The “The Loudest Voice in the Room” by Gabriel Sherman was a fascinating book. I like books that deal with history or people and their accomplishments. I initially decided to read this book because of the Amazon show by the same name. The show was outstanding, but I want to get a bigger picture of the story that can be told better in a book.
The book went into detail on Roger Ailes’s life, where he came from, his drive, and what made him who he was. It paints a picture of a man very driven for success but also with a ruthless win at all costs mentality.
I thought this book was well written with a good flow. The book provided a good background on Roger Ailes, how he formed his views, and built his career.
It was interesting to read about his early life, where he came from, and how his early life shaped his persona and beliefs.
FOX news is what Ailes is most known for, but it is always interesting in the story and the path of the man that created it. The TV show was mainly focused on how Ailes came to FOX and his fall. The book details his early life, his entry into entertainment TV, The Mike Douglas show, Broadway, and ultimately though his business was managing political campaigns, including Richard Nixons presidential campaign.

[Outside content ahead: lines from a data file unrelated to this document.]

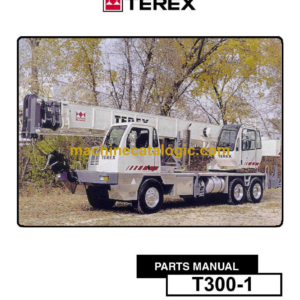 Terex T300-1 Crane Parts Manual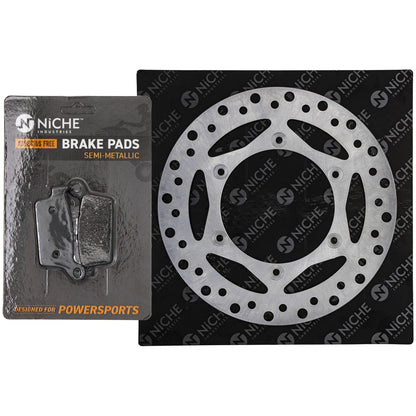 Rear Right Brake Rotor Pad Kit for Yamaha (5GR-W0046-00-00)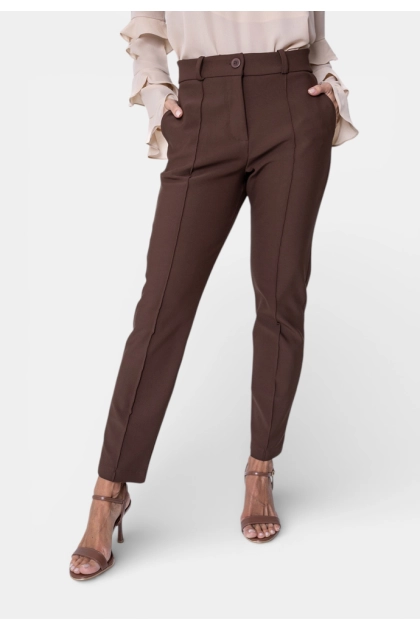 Calça Bonequim Alfaiataria Feminina Marrom Produto Calça Bonequim Alfaiataria Feminina Marrom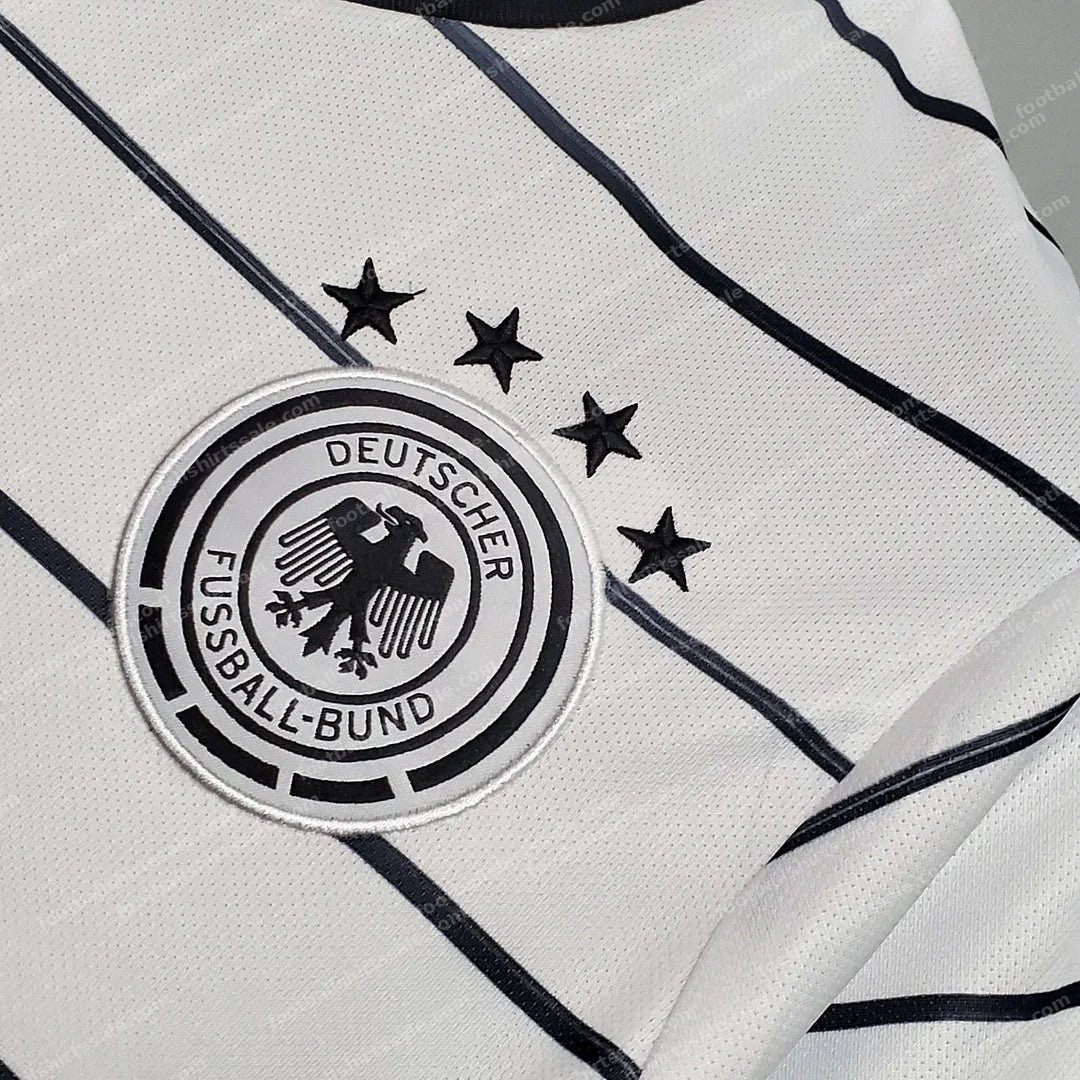 2020 Retro Soccer Jersey Germany Shirt Home - Detail 6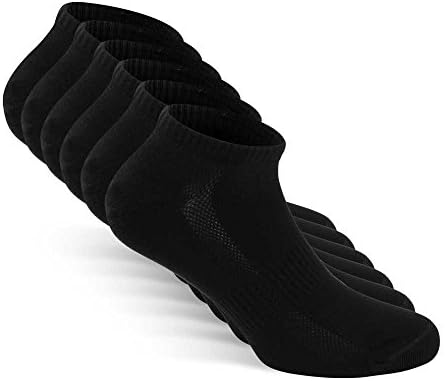 Snocks Men Ankle socks 9,5-11,5US Black Size 9 10 11 Mens Sneaker Socks Footies Linners No-Show Trainer No Show Cotton Invisible Low Cut Non Slip Liner Sports Thin Boat Summer Sock Athletic Sneakers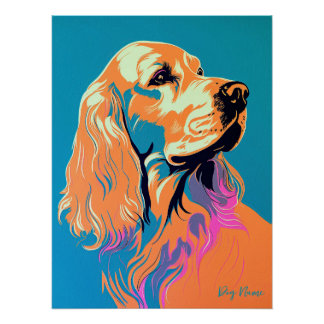 Cocker Spaniel Dog 002 - Bruno Pokopen Perfect Poster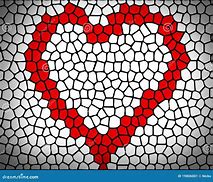 Image result for Mosaic Heart Art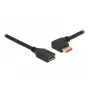 DisplayPorti pikenduskaabel DeLOCK 87073 1 m 90° vasakpoolne nurk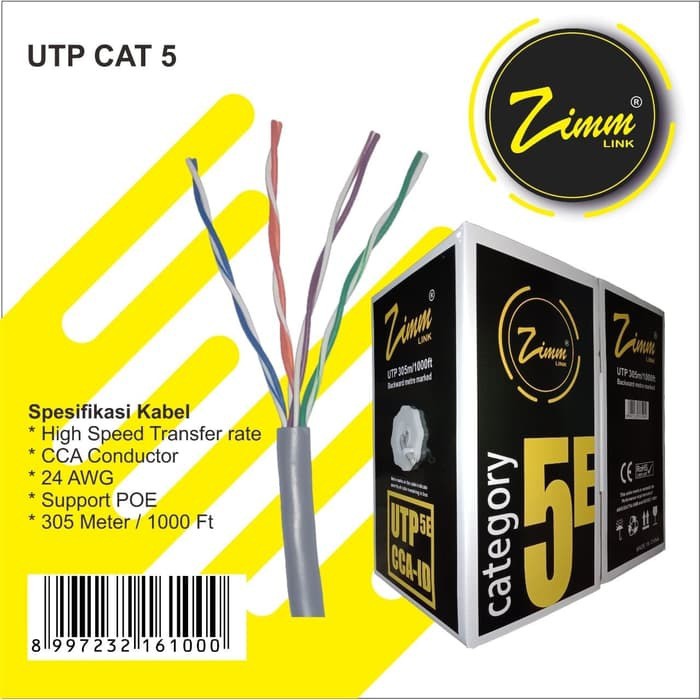 KABEL LAN CAT 5 ZIMMLINK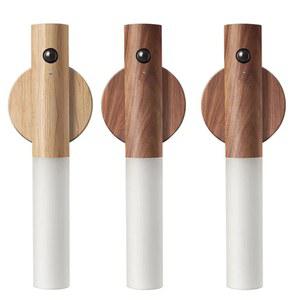 목재 무선 현관 자동 USB 모드 인테리어 B 1PC 간접조명 옷장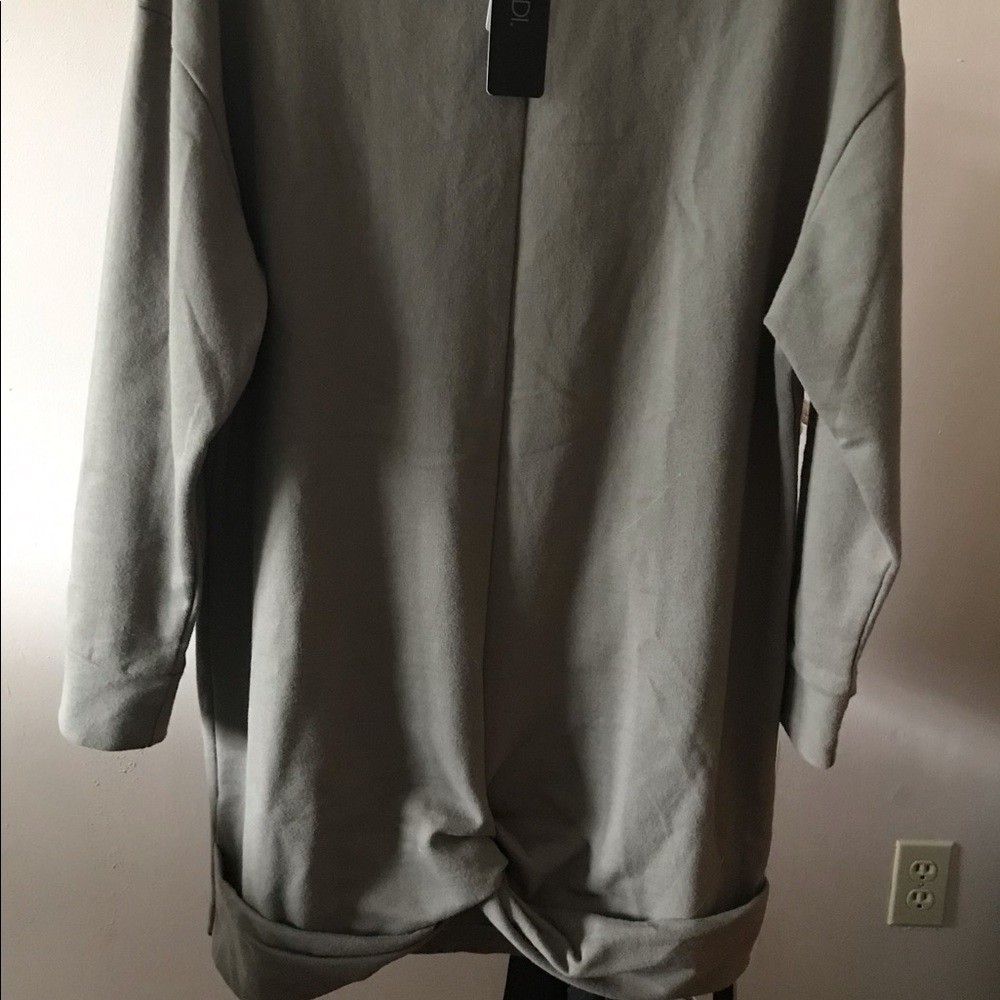 RDI Olive Twist Sweatshirt Dress XS NWT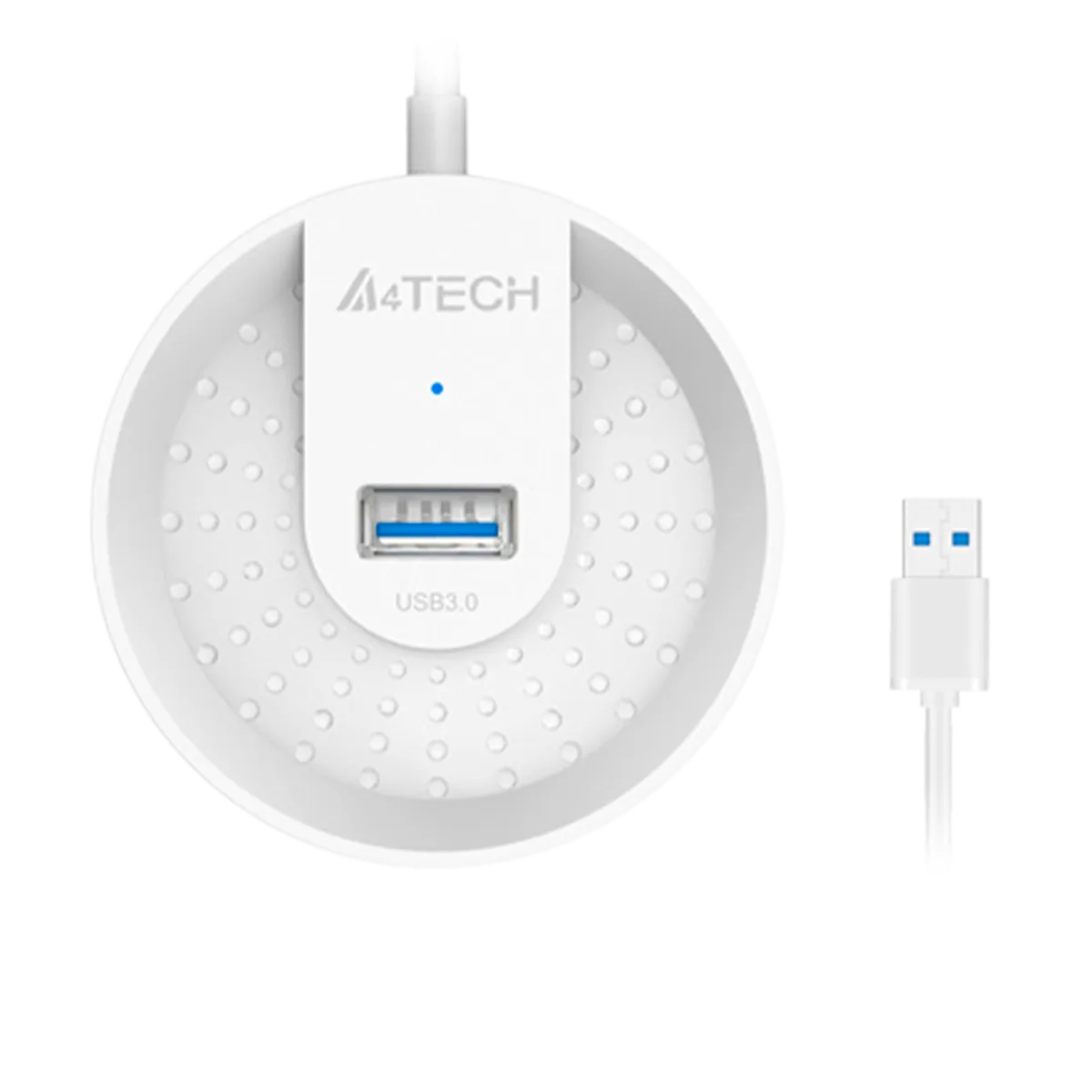 USB HUB A4Tech HUB-30C (4в1) разветвитель Type-C 3.0 / White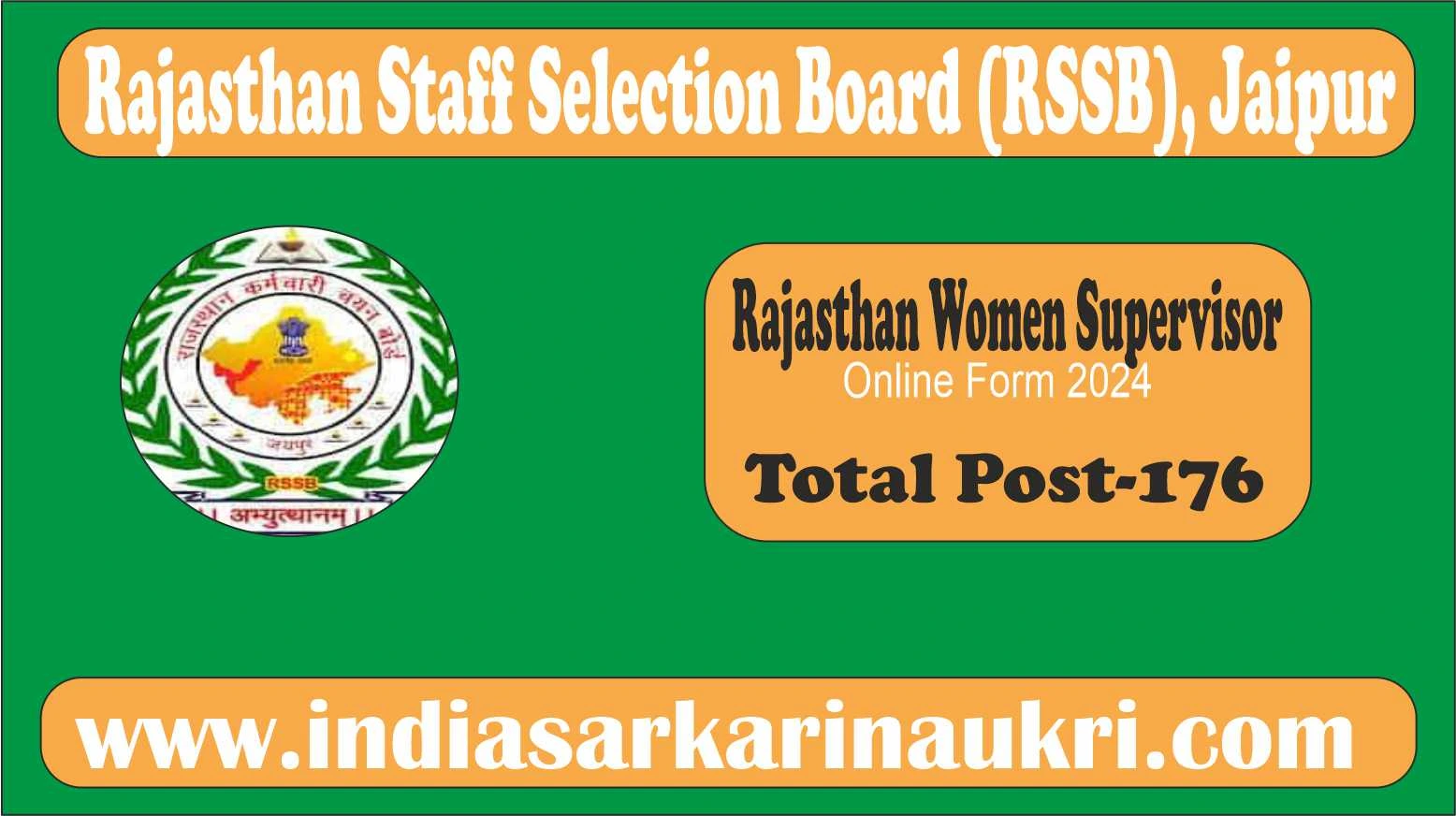 RSMSSB Women Supervisor Recruitment 2024 Final Result Declared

I do not feel the author slanted his writing in a pro or negative narrative of Ailes or FOX. It seemed an excellent logical progression was tying the story from his early life to his ultimate triumph of building a major news network to his fall.
Regardless of what we ultimately think of the man, the book did present an excellent story of corporate success but also shows how absolute power is never a good thing. Ailes certainly abused his position in the end and lost control of his News division.
I recommend this book; if you are a Fox News viewer, you might be a bit surprised about what you watch. You might be surprised it is not all “Fair and Balanced” it is slightly slanted to an audience Ailes wanted to target, his background was in entertainment, and he crafted the news division with that mindset, not a news mindset.
Finally, the book painted an excellent picture of the man, his career, and the history of cable news. It is well written with unique insight into the power of corporate America, how it entangles politics and money.